Werden diese Maßnahmen das Verhältnis zwischen Fußballfans und der Polizei weiter verschlechtern?
Das Verhältnis war nie ein gutes und wird durch solche Maßnahmen sicher nicht besser werden. Ich sehe nichts, was die Situation auf Dauer deeskalieren könnte. Dabei wäre es hierfür an der Zeit. Gerade hier auf Schalke gibt es eine gewisse Geschichte mit der Polizei, ich erinnere nur an das Saloniki-Spiel (im August 2013 stürmten Polizisten die Schalker Nordkurve wegen einer mazedonischen Fahne, 89 Fans wurden dabei verletzt, d.Red.). Seitdem sind es nicht nur Ultras oder Fans in der Nordkurve, die der Polizei kritisch gegenüber stehen, sondern auch „normale“ Besucherinnen und Besucher. Wenn dann eben eine hochgerüstete Einheit mit besonderen Uniformen vor Ort ist, macht es das Bild, das viele Fans von der Polizei haben, sicher nicht besser. Da kommt bei einigen Fans vielleicht die Frage auf: Sind diese Polizeieinheiten für uns oder gegen uns hier? Von daher fürchte ich, dass das Verhältnis auf Dauer sehr angespannt bleibt. Dabei müsste es das vielleicht gar nicht.
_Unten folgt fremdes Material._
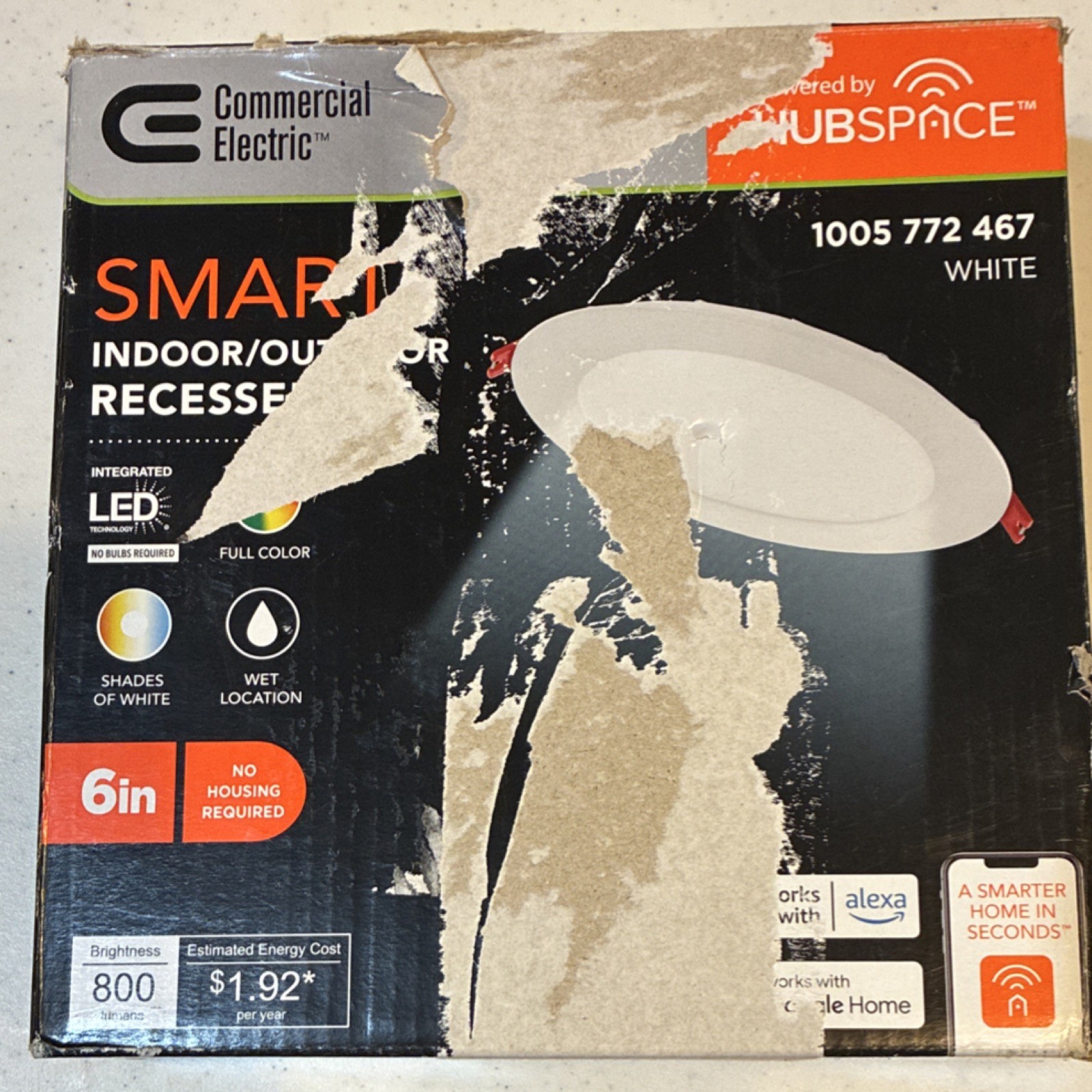 Commercial Electric Smart Recessed LED Light 6in Indoor/Outdoor Color Spectrum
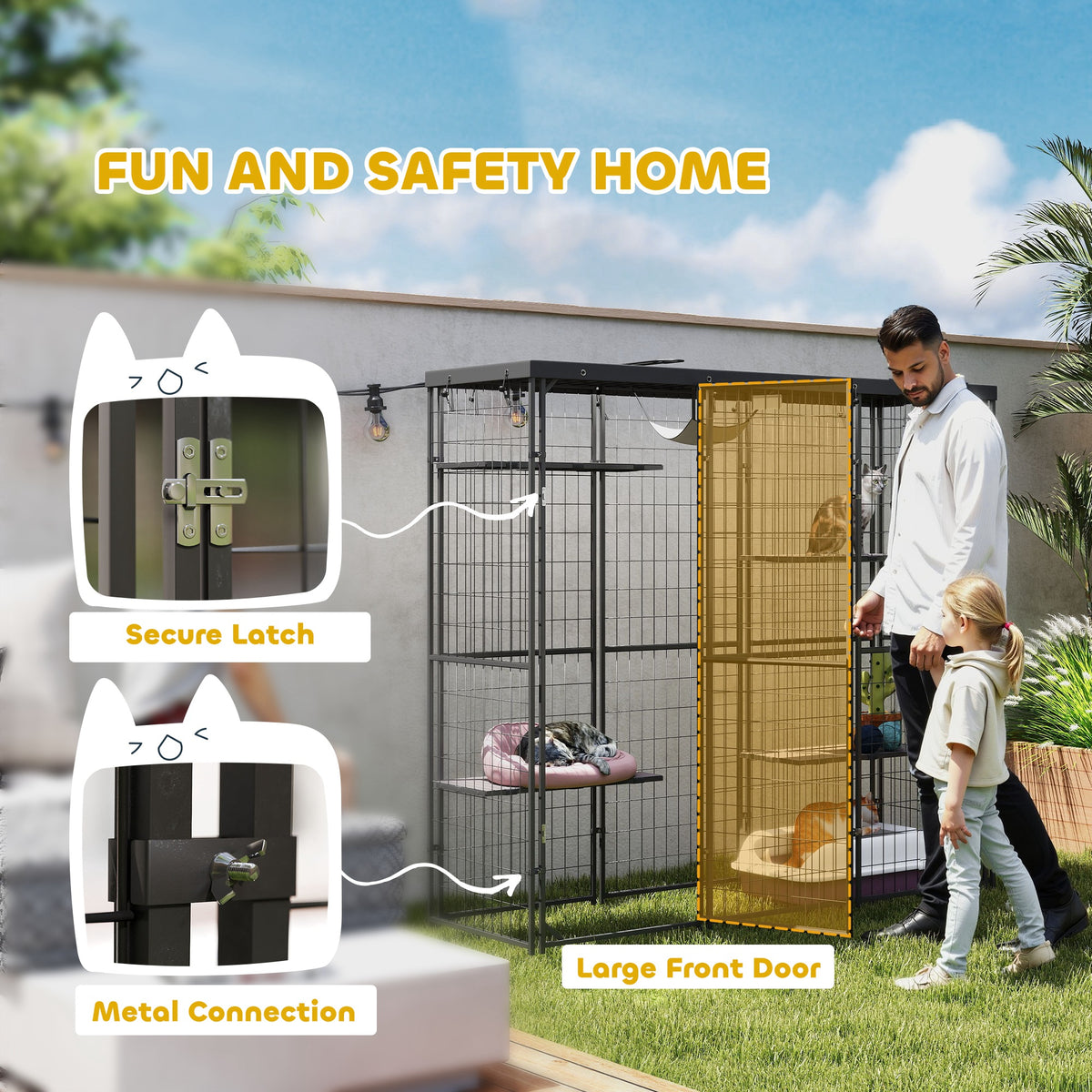 Weld Wire Catio Outdoor Indoor with Waterproof Cover, 4 Jumping Platforms, Hammock, for 1-3 Kittens, 69" x 22" x 62"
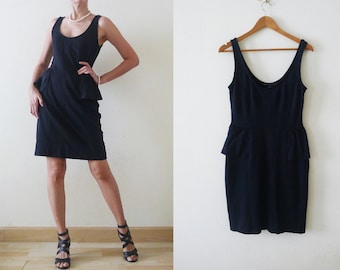 Vintage MARC JACOBS Black sleeveless mini dress with peplum details, Party tank dress, deep neck, lbd,cocktail dress,minimalist,summer, XS-S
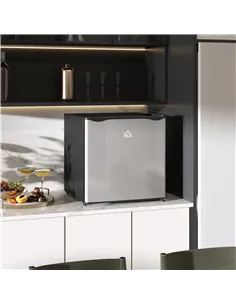 HOMCOM 46 Litre Table Top Mini Fridge, Small Fridge with Ice Box, Reversible Door, Adjustable Temperature and Legs for Bedrooms, 2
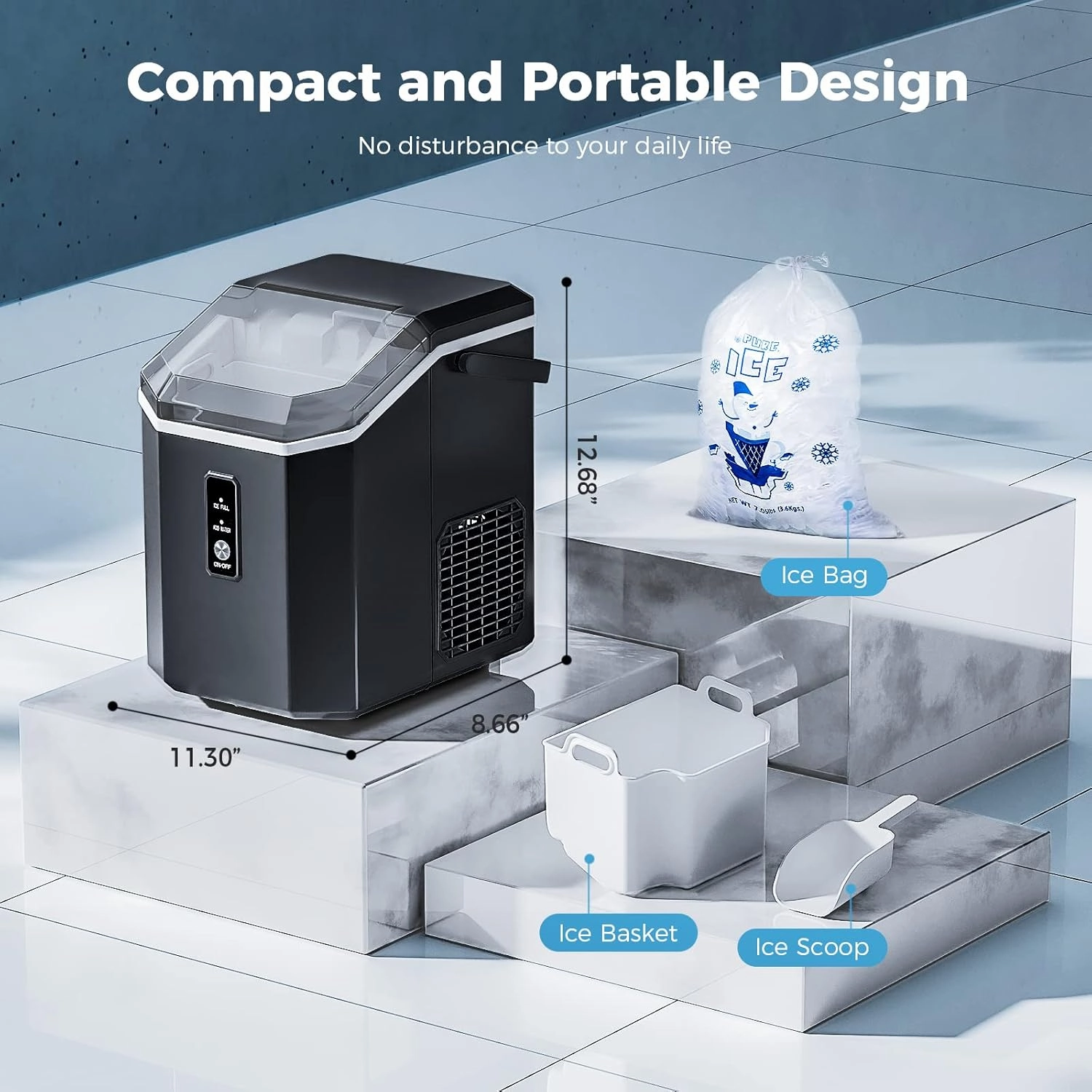 AGLUCKY Nugget Ice Maker Countertop, Portable Crushed Ice Maker Machine with Handle, 35lbs/24H, One-Click Operation, Self Cleaning Ice Machine for Home/Kitchen/Office(Black)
Was müsste sich verändern?
Ich würde einen durchweg höflichen und entspannten Umgang der Polizei mit den Bürgerinnen und Bürgern sehr schätzen, so wie dies etwa in England an der Tagesordnung ist. Das haben wir in Deutschland gerade bei Fußballeinsätzen leider kaum. Im Gegenteil: Hier wird es aus meiner Sicht immer konfrontativer. Leider überträgt sich das dann auch auf die Staatsanwaltschaften und Gerichte. Dort werden harsche Polizeimethoden häufig sehr unkritisch bewertet und nicht hinterfragt. Dementsprechend werden diese Sachverhalte dann sehr einseitig zu Lasten der Fans bewertet.
Thomas Wings ist Rechtsanwalt und berät für die „Königsblaue Hilfe“ Schalke-Fans, die im Rahmen von Fußballspielen mit Polizei oder Justiz in Konflikt geraten.